Also while living in Llano, where he graduated from Llano High School in 2008, Theiss believes he was the brunt of a ghostly practical joke.
“I worked as a dishwasher at the Badu House for a couple of months in 2006, generally after school,” he said. “On nights that I worked, I would use one of the upstairs rooms to change clothes in.”
To keep track of the keys to his parents’ truck, he made sure he always left them in the pocket of his school pants when he changed into his work clothes. One night, after his shift was over, he went upstairs for his clothes and keys, and the keys were missing.
“I looked everywhere for them and even had a couple of my coworkers looking, too,” Theiss said. “Strangely enough, where I found them was on the edge of a bathroom sink in that very same room, very neatly laid out for me. I had checked that bathroom while searching for them. Twice!”
He does not believe he was pranked by a co-worker.
“It was late, and we were all eager to get home after our shift,” he said. “I don’t think it was a trick.”
Neither Theiss nor Westhoff has seen a ghost, and both said they didn’t necessarily believe in them, but …
“I believe there’s stuff you can’t explain, whether it’s a ghost or not, I don’t know,” Theiss said. “I’ve asked myself that question several times. It’s hard to say yes; hard to say no.”
For Westhoff, it’s more about the history of each house.

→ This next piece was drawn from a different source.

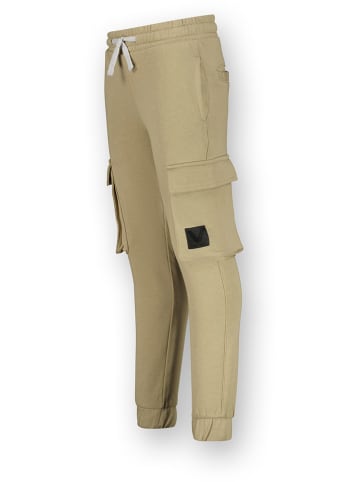 Vingino Spodnie dresowe w kolorze jasnobrązowym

“My passion is to take things that once had beautiful life in it that might have gotten forgotten and breathe that life, that happiness and joy, back into it and tell its story,” she said of her renovations. “If there is some kind of negative energy, I hope that, in some way, fixing what is broken helps to heal the home as well.”
She certainly believes that’s what happened with the Dr. Williamson home on Vandeveer Street in Burnet, where visitors no longer smell cigarette smoke in the hidden room.
“I never know what I’m going to get into when I’m walking into a building,” she said. “But nothing surprises me.”